[Supplied information]

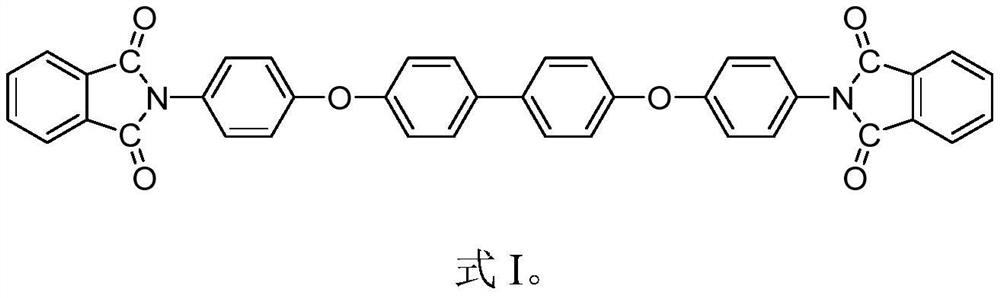 Two-component polyurethane coating as well as preparation method and application thereof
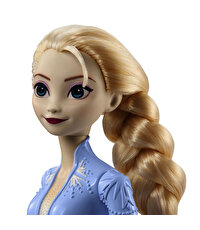 Disney Karlar Ülkesi Ana Karakter Bebekler Elsa HLW48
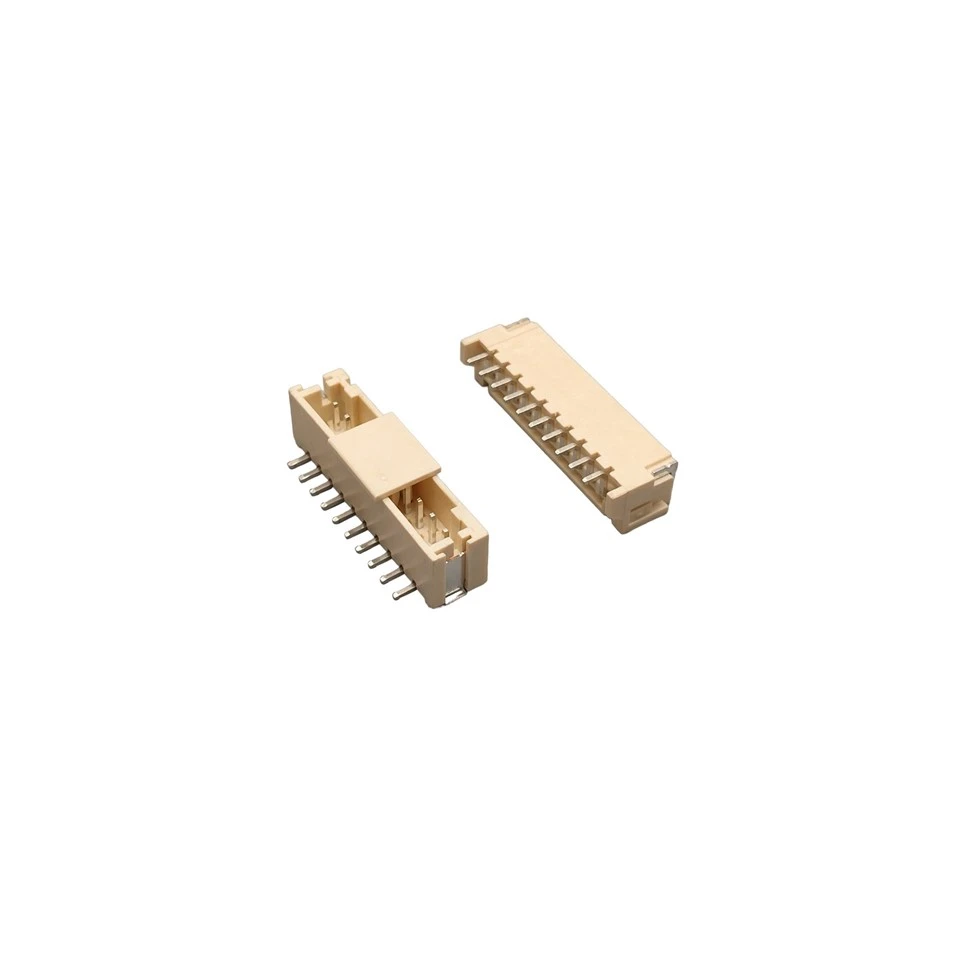 Jst Wire To Board Connectors suppliers
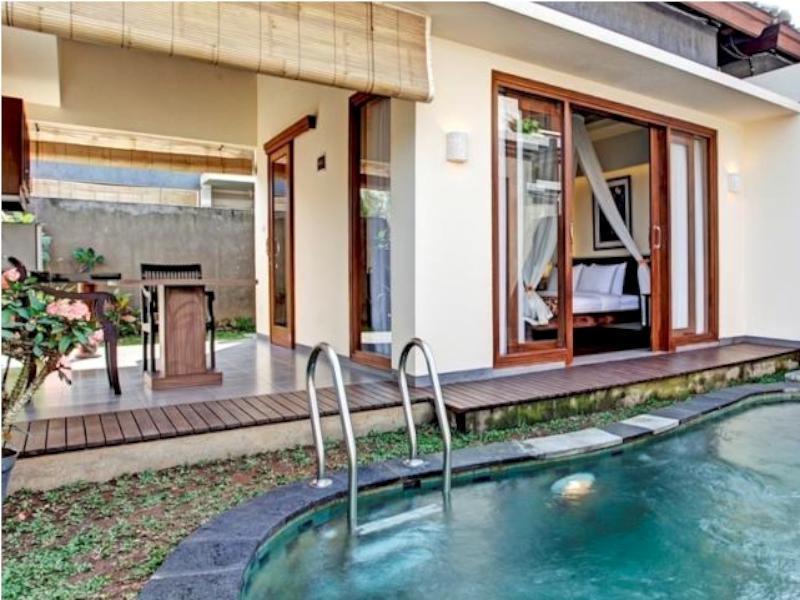 Ladera Ubud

[Your assignment] The required output is the lines from the one containing "Disney Karlar Ülkesi" through the end of the data, printed exactly, with no pictures.

[Response area]
 Disney Karlar Ülkesi Ana Karakter Bebekler Elsa HLW48
 Jst Wire To Board Connectors suppliers
 Ladera Ubud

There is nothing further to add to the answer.